Mille fois, ils ont menti
Mille fois, ils ont tué
Mille fois, ils nous ont ignorés et méprisés
Et nous.. on est morts mille fois

Ils sont venus tu vois
Puis ils t’ont tué Hervé
Ce système, ce policier, cette justice

Parce que tu vois ce policier, il est là
Ce policier il respire notre oxygène tu vois
Ce policier pollue notre air
Ce policier a du soutien là

Ils ne veulent pas avouer leurs torts
Ils se taisent et quand ils l’ouvrent, c’est pour mentir
Ils ont peur Hervé, car nous luttons pour la justice et la verité
Ils ont peur, car ils sentent notre colère
Cette colère tu sais
Cette colère qui nous fait reculer devant rien
Mais ils ne veulent pas dire qu’ils ont eu tort
Ils ne veulent pas dire pardon

Ils ont peur, car nous veillons à maintenir ta dignité
Car nous veillons à te faire vivre
Car nous refusons que tu tombes dans l’oubli
Ils nous cassent
Et s’en foutent pas mal qu’on se répare
Car Ils ne veulent pas dire pardon

Mais on est là nous Hervé
On est là
Et on ne la lâchera pas

Ils pensent que nous luttons de colère
Mais c’est bien pire
Bien pire pour eux

Car nous luttons par amour

Et l’amour ça marque

Et l’amour ça reste

 

Une membre d’Outrage Collectif

 


Le procès du policier tueur aura lieu le mardi 23 mars 2021.
Enfin.

Affaire Hervé Mandundu : Le procès a enfin lieu

Affaire Hervé Mandundu : Le procès a enfin lieu

Enfin.

Plus de 4 ans après la mort d’Hervé Mandundu, tué sous les balles de la police cantonale vaudoise, le procès aura finalement lieu. Rappelons les faits. La nuit du 6 au 7 novembre 2016, 5 policiers intervenaient dans l’immeuble d’Hervé, suite à un appel pour tapage nocturne. Selon la version policière, Hervé les aurait agressé pendant son interpellation, ce qui aurait justifié que l’un d’entre eux – le caporal – lui tire à moins d’1m de distance trois balles dans le corps dont deux lui seront fatales. Les voisins d’Hervé ont démenti la présumée agressivité de la victime lors de l’intervention. C’est donc dans ces circonstances improbables que l’intervention de cinq agents de police entrainés et diplômés aura lieu. Cinq agents face à Hervé dans cet immeuble, qui en mourra. Il était seul, âgé de 27 ans, et père d’un jeune enfant.

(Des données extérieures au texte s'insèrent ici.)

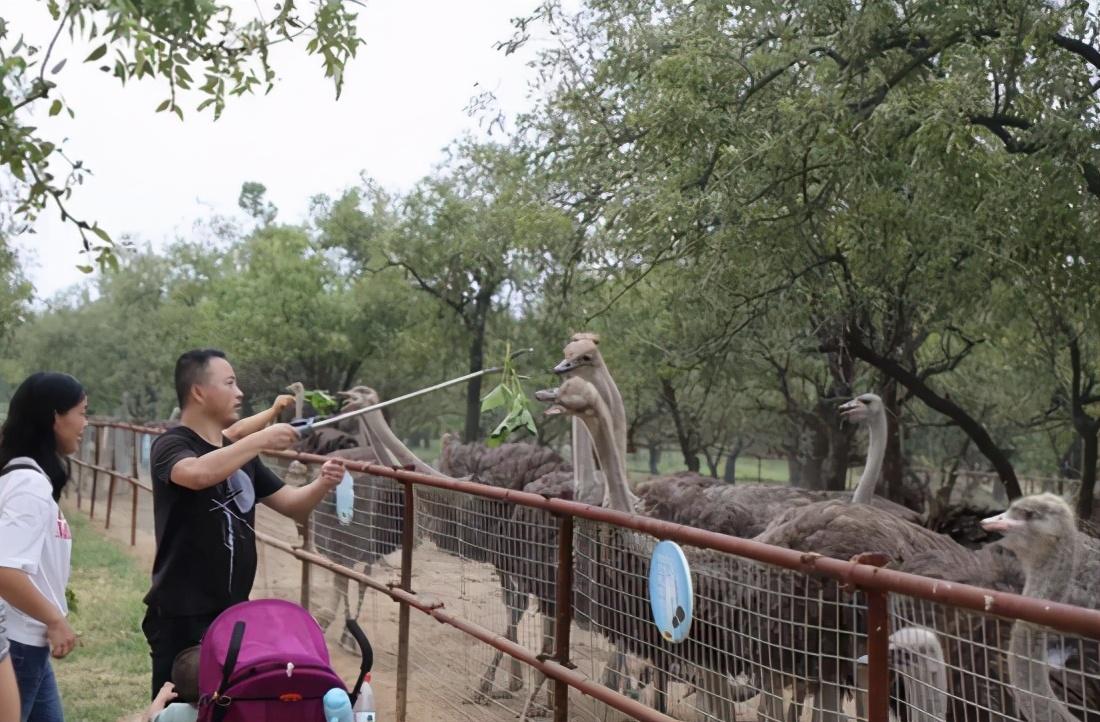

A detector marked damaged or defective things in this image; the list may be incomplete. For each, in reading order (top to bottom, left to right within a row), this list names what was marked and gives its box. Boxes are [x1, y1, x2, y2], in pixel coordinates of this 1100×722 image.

Ce n’est que le lendemain matin, le 7 novembre aux alentours de 10h, que des agents de police viendront annoncer la mort d’Hervé à ses parents. Après ces évènements dramatiques, la communauté congolaise et leurs soutiens ont manifesté dans les rues de Lausanne pour dénoncer le racisme et le profilage racial imprégnant cette affaire. Cette mobilisation a rassemblé plus de 1000 personnes. Les revendications étaient claires: le droit à la vérité et la justice, contre les crimes policiers. Cette mobilisation a marqué un soutien pour toutes les victimes de violences policières et leurs proches, sous la pluie de slogans scandés par les manifestant·e·x·s: la vie des noir·e·x·s compte. Un an après la mort d’Hervé, la famille nous a livré un témoignage poignant:

« C’est vraiment trop long une année, nous n’avons même pas de réponse. Ce qui nous touche, ce qui nous fait mal surtout, c’est qu’on a reçu aucune visite des autorités, même pas un courrier pour avoir au moins de nos nouvelles. »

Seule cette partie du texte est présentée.